Act Like a Powerful Business Leader

February 14, 2008 by admin  
Filed under Sales

(24601)

Don’t act like a saleperson. Think like a business owner, and focus intensely on what they care about. Learn how to speak their language so you can persuade them to buy using the various terms and conceprs they are familiar with.

Your Main Target Is Business Owners

A business owner doesn’t really care whether what you have to sell is tax deductible. Nor does he or she lose any sleep over whether or not you make your sales quota for the month. And you can guarantee anyone you’re trying to sell has alreayd entertained a number of sales hotshots who promised to “help your business,” “save you money” or “make your life easier.” These are all the old and tired cliches high-pressure manipulators have used since the beginning of commerce.

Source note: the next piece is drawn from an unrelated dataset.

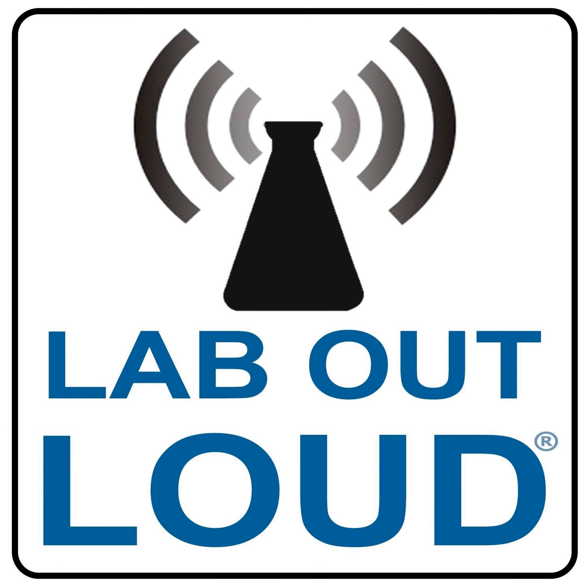Support for Lab Out Loud is provided by NSTA, the National Science Teaching Association. Find out more about what NSTA has to offer at nsta.org. This episode of Lab Out Loud is sponsored by Discovery Education. Enter the Siemens STEM Day Possibility Grant sweepstakes daily for a chance to win one of five $5,000 grants to help foster STEM learning at your school. Enter today at SiemensSTEMDay.com.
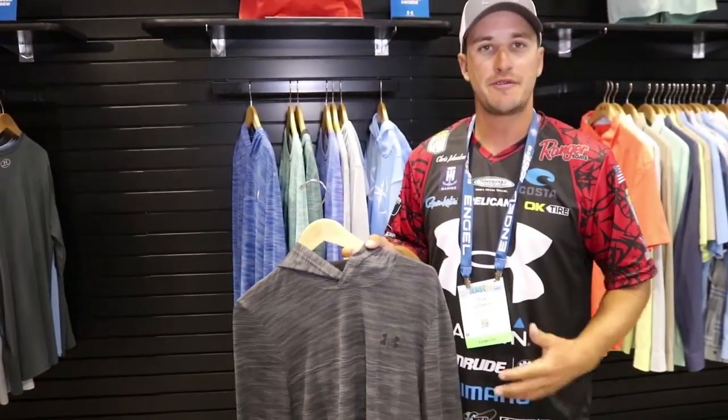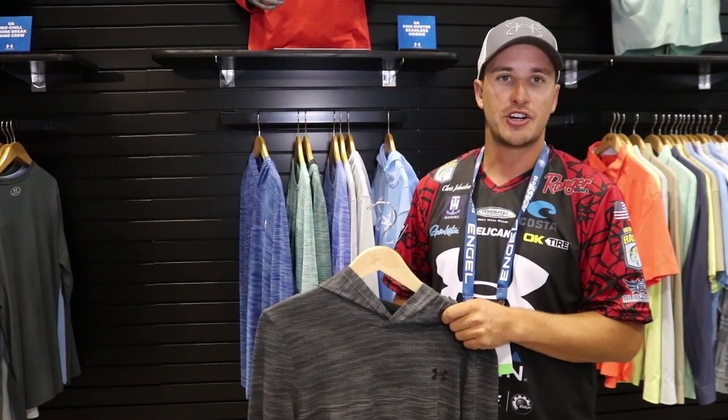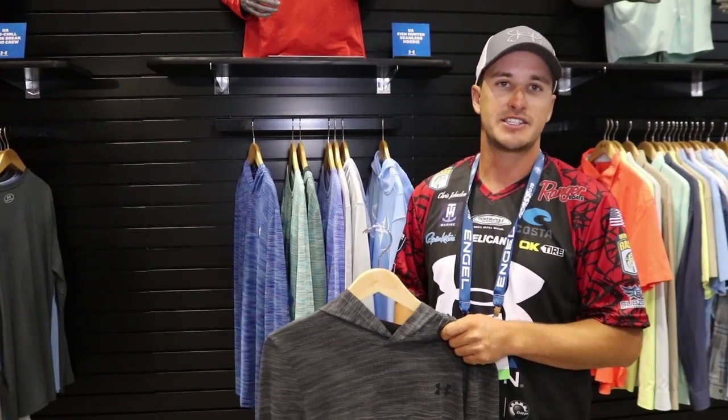It's got UPF 30 built into it, and the really nice thing about this shirt is it comes in at $50 for the crew and $60 for the hooded version.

The Three Things Business Owners Care about Most

1. Increasing revenues
2. Decreasing expenses
3. Increasing efficiency

  • Increasing revenues: Every company wants to make more money, and the easiest way to achieve that is to sell more products and services. Business owners are always looking for more sales.
  • Decreasing expenses─Everyone wants to cut costs, but not at the expense of sales. Most business expenses generate a positive return on investment. Business owners don’t want to cut costs if that will aut revenues, but they are interested in ideas that increase their return on investment.
  • Increasing efficiency─All companies are trying to boost their efficiency so as to enhance their bottom line profitability. Efficiency is what allows a company to grow, and business owners spend lots of time working in this area. However, when talking about efficiency,concrete facts and numbers are required, not glib or vague promises made by the average salesperson who states: “We can save you money.”
  • Profit Is the Key

    The typical salesperson will come into a business chock full of ideas about how he or she can help the company if they will just buy what is on offer. Business owners have heard this so many times before their eyes will just glaze over. Instead, you should go in and center your discussions on one key area: “profit justification.” In simple terms, this means how much money they will make by using what you have to offer. If you can show them your offering will not only pay for itself withina short time frame, but then also make more money for them in the future, you’ll be sure to have their attention.

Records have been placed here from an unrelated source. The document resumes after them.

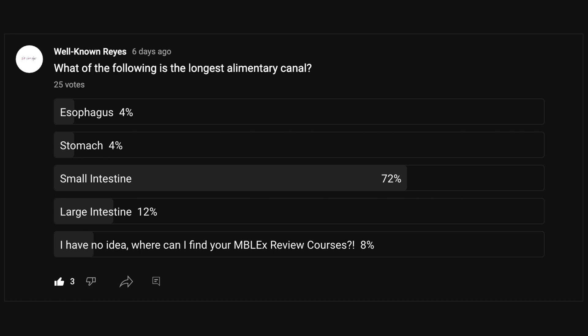In the community tab, I asked you which of the following is the longest alimentary canal, and we had a great turnout — 25 votes. 4% said it was the esophagus, 4% said it was the stomach, 72% said it was the small intestine, 12% said it was the large intestine, and 8% said they had no idea and asked where to find my MBLEX review courses — stay to the very end and I'll explain. Thank you to the three people who liked this post.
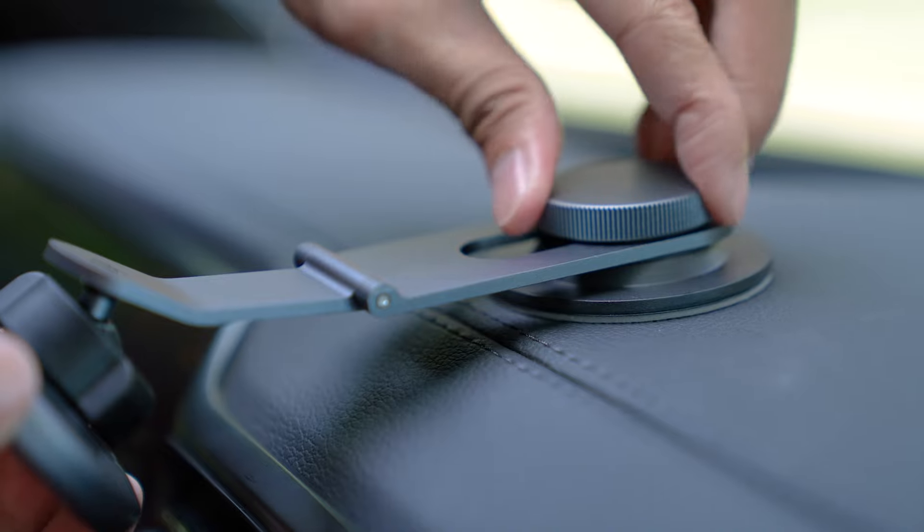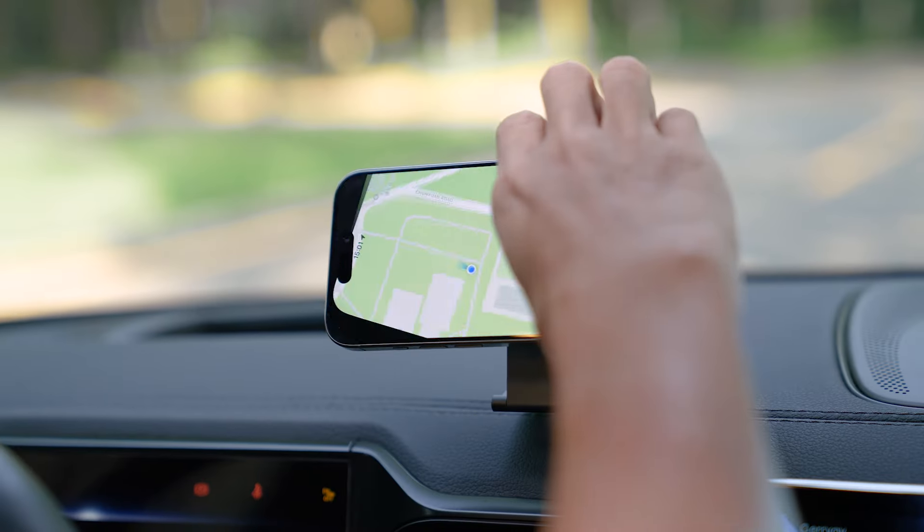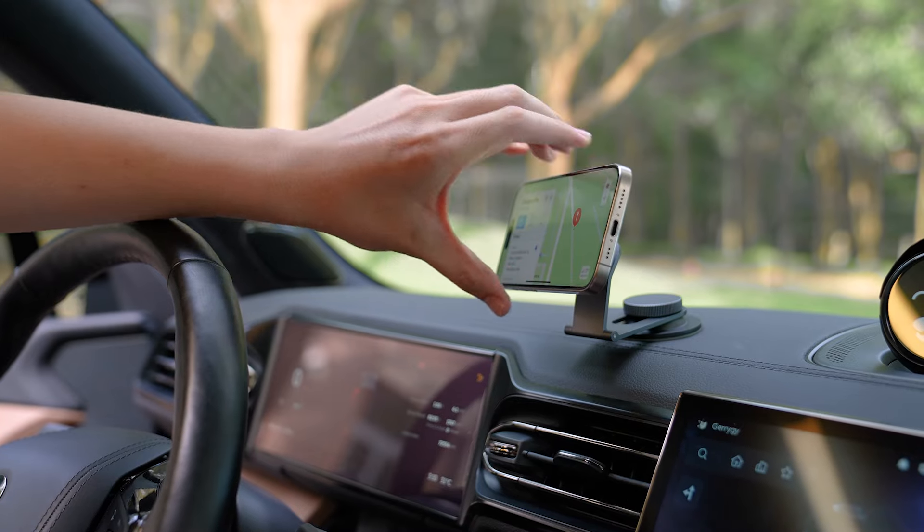Flip the holder to install — you can get an upward view. Easily switch between horizontal and vertical screen, with 360 degrees adjustable angle.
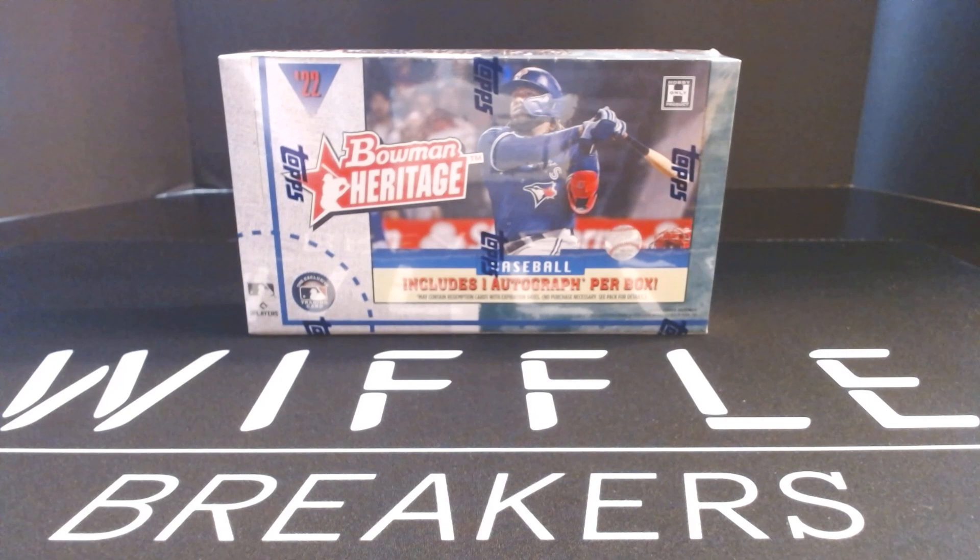Hi again, everybody. It's Jacob from Wiffle Breakers. 2022 Bowman Heritage. Trying to keep up with all the releases today — this is my fourth. My fifth will be out later.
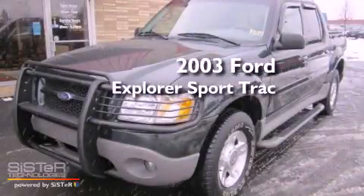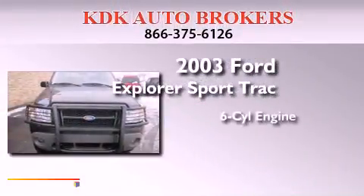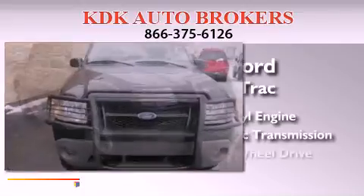This is a 2003 Ford Explorer. It has a six-cylinder engine, an automatic transmission, and four-wheel drive.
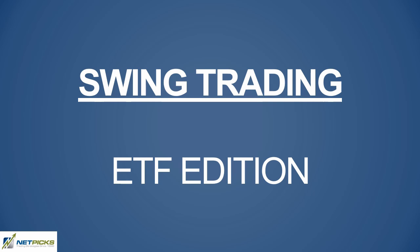In this video, we're going to talk about ETFs and swing trading ETFs and how ETFs may be the perfect option for you, because they do offer different advantages over trading stocks, including diversity, liquidity, and lower cost.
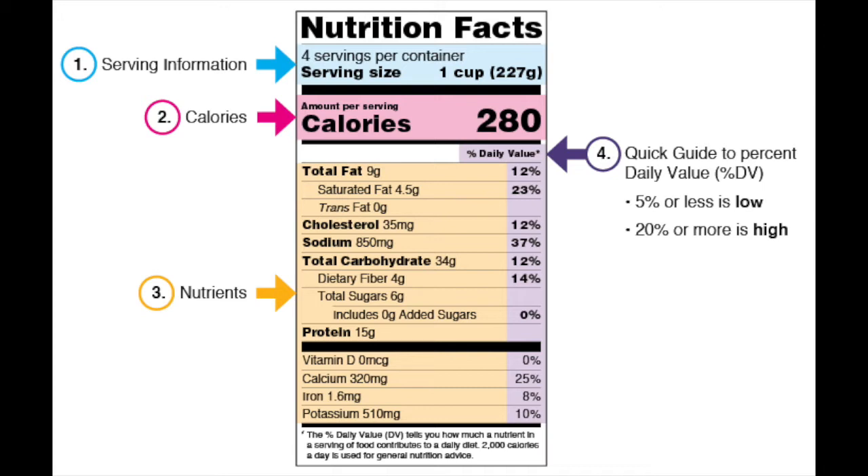If I doubled this serving size and ate two full cups, that would be two servings — two times the calories and the nutrients shown in the sample label. So you would need to double the nutrient and calorie amounts as well as the percentage to see what you're getting in two servings. This is not the recommended serving size that you should eat, but rather a good way to track how much you're eating.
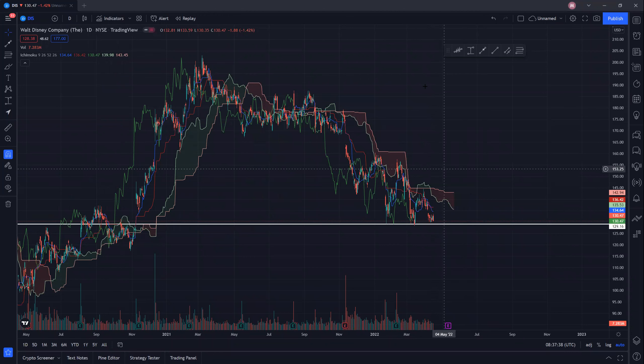It seems that the 129 support level is being threatened. You can see it is currently being tested for the third time. It is very critical that we see some buyers coming back at these support levels, because if we do not get a triple bottom, we may break down further. But if we do get a triple bottom, we may potentially punch up to around these cloud levels.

    Business owners are looking for specifics. That means you have to find out on advance enough information about the company so that what you discuss will already be tailored to their actual needs. Or alternatively, you’ll need to persuade them to buy in a two-step sequence where you gather facts on the first visit and then give them a concrete proposal on the second.

    If what you have to offer can genuinely justify itself and then become a future source of revenue once it is paid off, then you don’t really have to do any selling at all. The business owner will be keen to buy because your produce or service will stand on its own merits.

    Do Away with Cold Calling

    Acting like a business leader also explains why you don’t cold call to try and drum up more sales. In simple terms, cold calling is a very ineffcient use of your time. If you were to invest the same amount of time previously dedicated to cold calling into self-maketing that establishes you as the clear leader in your field, you’ll always come off better.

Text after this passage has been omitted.